Dies führt gemäss Art. 63b Abs. 2 StGB an sich zur Vollziehung der
aufgeschobenen Freiheitsstrafe. An Stelle des Strafvollzugs kann das Gericht
aber eine stationäre Massnahme nach Art. 59-61 StGB anordnen, wenn zu erwarten
ist, dadurch lasse sich die Gefahr weiterer, mit dem Zustand des Täterin im
Zusammenhang stehender Verbrechen oder Vergehen begegnen. Die ist vorliegend –
wie oben aufgezeigt – der Fall, so dass auch der vollziehbar erklärte Teil der
am 26. Mai 2014 ausgesprochenen Freiheitsstrafe zugunsten der stationären
Massnahme aufzuschieben ist.
Bei diesem
Ausgang des Verfahrens ist der erstinstanzliche Kostenentscheid zu bestätigen
(Art. 426 Abs. 1 StPO) und sind der Berufungsklägerin auch die Kosten des
Berufungsverfahren unter Einschluss einer Urteilsgebühr von CHF 1‘000.–
aufzuerlegen (Art. 428 Abs. 1 StPO).
Die amtliche
Verteidigerin der Berufungsklägerin ist für das Berufungsverfahren aus der
Gerichtskasse zu entschädigen, wobei auf ihre Honorarnote vom 8. November 2018
abgestellt werden kann und zusätzlich für die Hauptverhandlung ein Aufwand von
4 Stunden zu CHF 200.– zu entschädigen ist.
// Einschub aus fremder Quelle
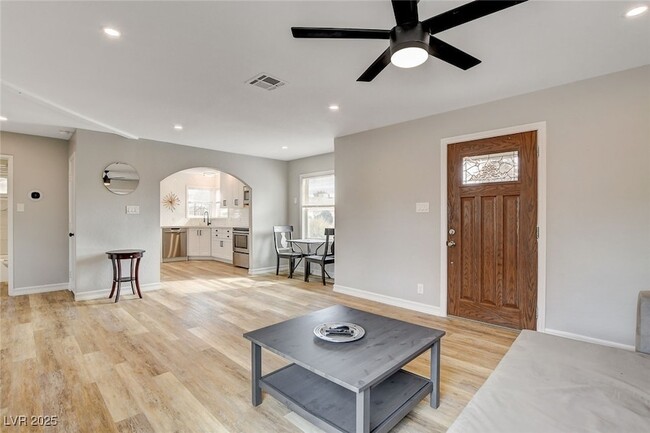 Building Photo - 1017 E Oakey Blvd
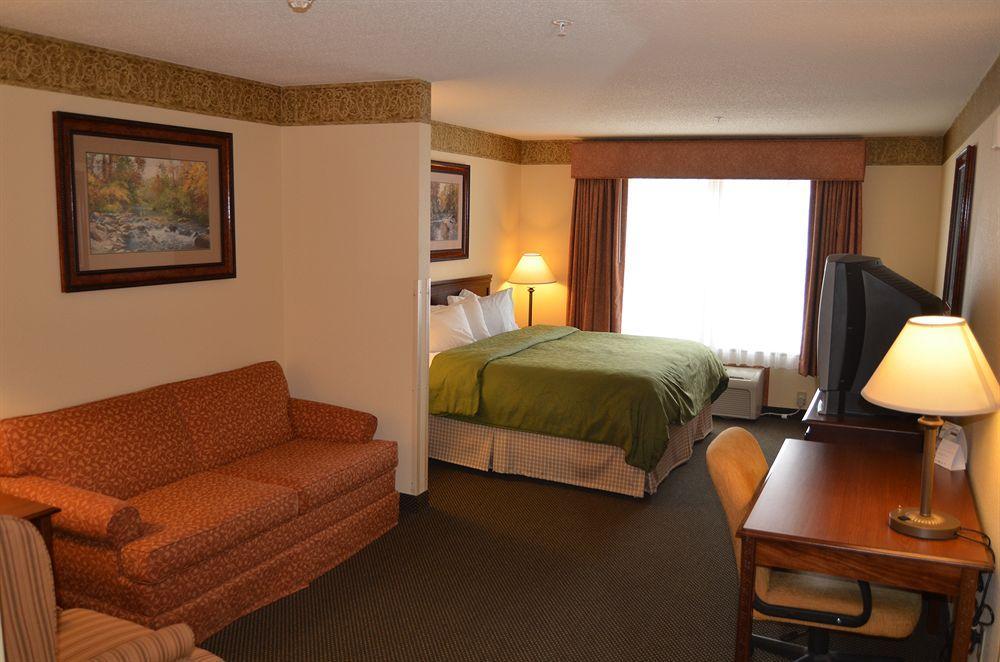 Holiday Inn Express & Suites Marquette By Ihg Phòng bức ảnh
Es sind der Verteidigerin somit ein
Honorar von CHF 4‘316.65 und ein Auslagenersatz von CHF 80.30, zuzüglich
7,7 % Mehrwertsteuer von insgesamt CHF 338.55 aus der Gerichtskasse
zuzusprechen.
Gemäss Art. 135
Abs. 4 StPO hat die Berufungsklägerin dem Gericht die der Verteidigung bezahlte
Entschädigung zurückzuerstatten, sobald es ihre wirtschaftlichen Verhältnisse
erlauben.
Demgemäss
erkennt das Appellationsgericht (Dreiergericht):
://: Es wird festgestellt, dass folgende Punkte des Urteils des
Strafdreiergerichts vom 6. Februar 2018 mangels Anfechtung in Rechtskraft
erwachsen sind:
A____ wird der versuchten schweren
Körperverletzung schuldig erklärt und verurteilt zu 2½ Jahren Freiheitsstrafe,
unter Einrechnung der Untersuchungs- und Sicherheitshaft seit dem 22. August
2017,
in Anwendung von Art. 122 in Verbindung mit 22 Abs.
1, 19 Abs. 2 und 51 des Strafgesetzbuches.
Der Vollzug der ausgesprochenen Freiheitsstrafe wird aufgeschoben und
eine stationäre psychiatrische Behandlung angeordnet,
in Anwendung von Art. 57 Abs. 2 und 59 Abs. 1 des Strafgesetzbuches.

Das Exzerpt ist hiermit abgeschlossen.